More i think about it you have a fair few ways to do it and all so depends on space you have available system and speaker wise.

For example if you only want small speakers you could check out the smallish Advent Mini Advents which if i remember right you can get out door ones too and sell pretty cheap, how ever depending if you feel lucky or not want want pick some up with replaced foam surrounds. But they are pretty cheap ( price seems to be getting higher ).

As for speakers you should be perfectly fine looking in to secondhand speakers.

What size speakers well only you know that information and for hiding wires you could try a electrical store for ways to hide them.

I have never messed around with wireless speakers maybe worth looking in to not sure. Which brings me to speaker wire long runs need higher gauge which will help system and to keep the resistance down. and just to note that 100ft can be 50ftx2.


----------



## Deleted member 67555 (Apr 10, 2019)

I'd suggest an Onkyo system and I do like their sound.
You really do get a lot for your money with them...Sound wise...You're talking a thousandish for the whole system and I think Onkyo and Yamaha have that range locked.
Denon is good too.


----------



## AsRock (Apr 18, 2019)

I know this be pushing passed your budget but maybe look in to normal receivers and pick two up,  maybe the older version have bluetooth i am not sure, would have to look in to some more.

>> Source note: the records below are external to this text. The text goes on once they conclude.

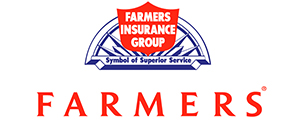 Farmers Insurance Group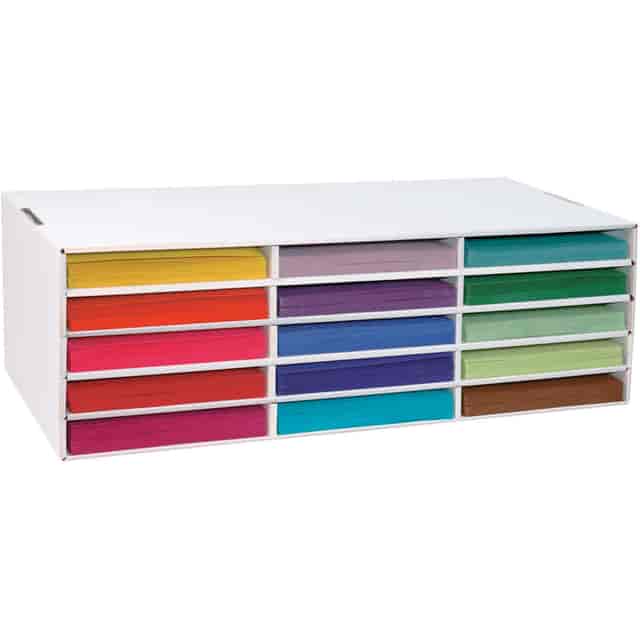 PAC001310 Product Image 2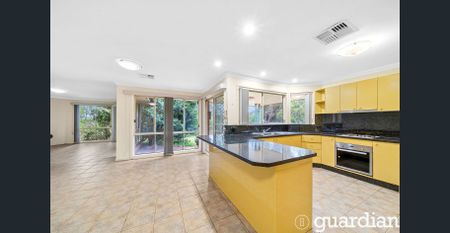 Peaceful country living - Photo 2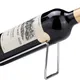 Pack of 1__LAVISH CRAFT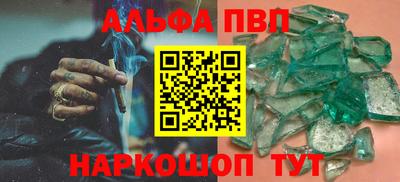 мяу мяу мука Гатчина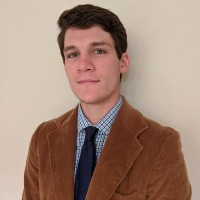 Jeff Meckstroth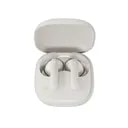 هندزفری بلوتوثی کیو سی وای مدل Buds QT43-3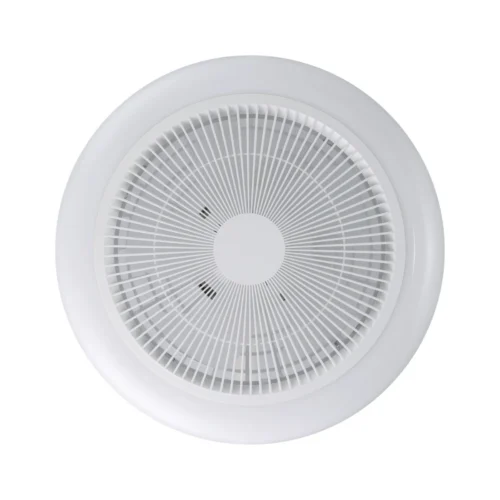eglo-sayulita-dc-18-inch-ceiling-fan-bottom-view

If you do buy new you might want to check if you have a local service area your willing to travel too


----------



## BarbaricSoul (Apr 18, 2019)

Hey @AsRock what's your opinion on this I just found on my local CL? Seems like a pretty good deal to me.

https://norfolk.craigslist.org/ele/d/chesapeake-surround-sound-stereo/6868839585.html

I know I originally asked about a system that would/could have speakers in three different areas, but the areas are all connected and if this is as good a deal as I think it is, I would definitely be happy with it as at least a good starting point for a home audio system. 

My living room showing other two areas (kitchen/dining room and foyer) I want covered


----------



## thebluebumblebee (Apr 18, 2019)

So you're not looking to be an audiophile, you just want to listen to music no matter where you are in those (connected) spaces.  That looks like 2 zones to me, but that's about the extent of my knowledge.  Although, you're most likely trying to have a nice audio system to watch movies with and in-wall or ceiling speakers in the other rooms???


jmcslob said:


> I'd suggest an Onkyo system and I do like their sound.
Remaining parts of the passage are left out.